The carrier dynamics in TIs have been addressed using various pump–probe techniques4,5,6,7,8,9,10,11,12. However, despite these experimental efforts, the exact mechanism and timescale of carrier relaxation of the Dirac fermions in surface states of TIs are still under debate. The reason for this is that it is challenging to experimentally disentangle excitation and relaxation channels of surface and bulk states. This is caused by the relatively small bandgap of TIs of the bismuth and antimony chalcogenide family, which is a few hundred meV13, meaning that optical excitation with near-infrared and visible light leads to interband transitions between the bulk bands. Thus, in order to optically address the surface states, energetically located within the bandgap, photons in the mid-infrared or terahertz regimes are required. Furthermore, the Fermi energy is typically located either in the valence or the conduction band for binary TI compounds, e.g. Bi2Se3 and Bi2Te3, such that bulk states are already populated. Whereas separating surface dynamics from bulk dynamics has recently been achieved at the cryogenic temperature of 5 K11, this is not the case at more technologically relevant temperatures. The main reason for this is the occurrence of phonon-assisted surface-to-bulk scattering above the Debye temperature (~180 K for Bi2Se3)7.

Here, we overcome these challenges by combining optical excitation with low photon energies and a TI sample with the Fermi energy located inside the bandgap. As a result, we are able to isolate the response of Dirac electrons in the surface states, without the contribution of bulk states. In particular, we use THz pulses with photon energies below 4 meV, and verify whether the observed carrier dynamics originate from surface states (SSs), bulk conduction states (BCSs), or bulk valence states (BVSs), using three different TI samples with the Fermi energy in the valence band (Bi2Te3), in the conduction band (Bi2Se3), and inside the bandgap (Bi1.4Sb0.6Te1.51Se1.49, i.e.

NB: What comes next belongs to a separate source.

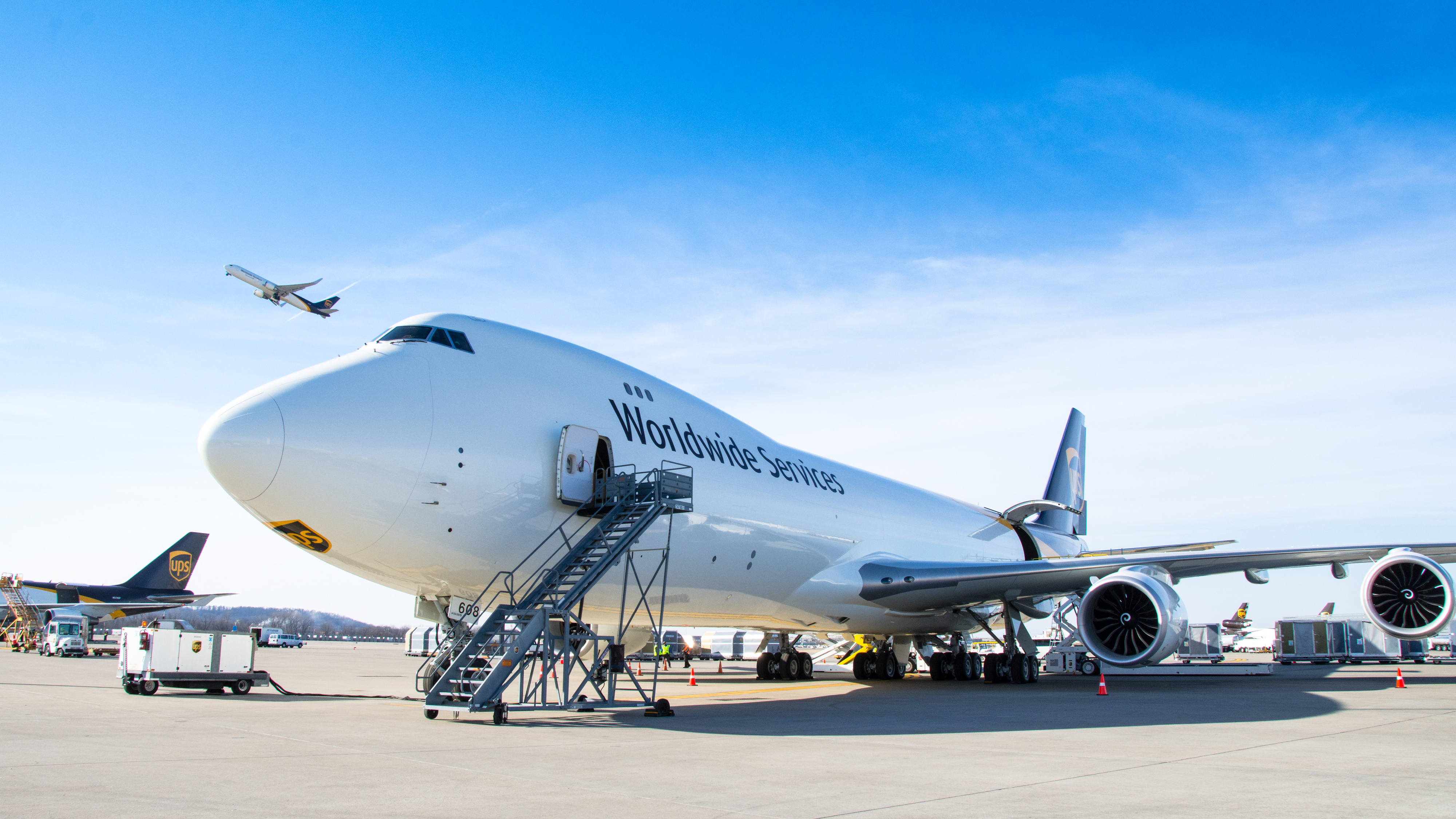 A large cargo airplane is parked on an airport tarmac under a clear blue sky.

BSTS). THz excitation of bulk-conducting Bi2Se3 and Bi2Te3 corresponds to intraband excitation of carriers in the bulk and at the surface simultaneously, such that surface and bulk relaxation dynamics cannot be disentangled in a straightforward manner. However, the BCSs of the BSTS are empty while the BVSs are completely filled, so that intraband transitions in the bulk of BSTS are Pauli blocked. As a result, in the BSTS sample THz excitation is dominated by the intraband excitation of surface states only. Using two THz-based nonlinear techniques, namely THz-pump optical-probe (TPOP) and THz high-harmonic generation (THz HHG), we find that relaxation of Dirac fermions at the surface of TIs occurs on a timescale of a few hundred femtoseconds, which is significantly faster than the relaxation of bulk carriers.

Results and discussion


Our three different samples, rhombohedral Bi2Se3, Bi2Te3, and Bi1.4Sb0.6Te1.51Se1.49 (BSTS) films were grown on (0001) Al2O3 substrates. Their film thicknesses are 30 nm, 490 nm, and 375 nm, respectively. The growth method is described in detail in Ref. 14. It was shown in15 that for topological insulators of the Bi2−xSbxTe3−ySey quaternary compounds, there is an optimal curve (Ren’s curve) in the composition diagram y(x). Near this curve, the properties of electronic edge states are most pronounced due to the fact that acceptors and donors mutually cancel each other. Compositions below Ren’s curve, as a rule of thumb, have predominant hole conductivity, while a composition above Ren’s curve exhibits electronic conductivity. Using THz transmission measurements, we estimate the Fermi level of Bi2Se3 to be located 26 meV above the bottom of the conduction band, and for Bi2Te3 we find it 30 meV below the top of the valence band. In case of BSTS, we find that the Fermi level is located inside the bandgap, being 110 meV below the conduction band, which is in agreement with earlier works13,15,16,17 (see Supplementary Fig. 13).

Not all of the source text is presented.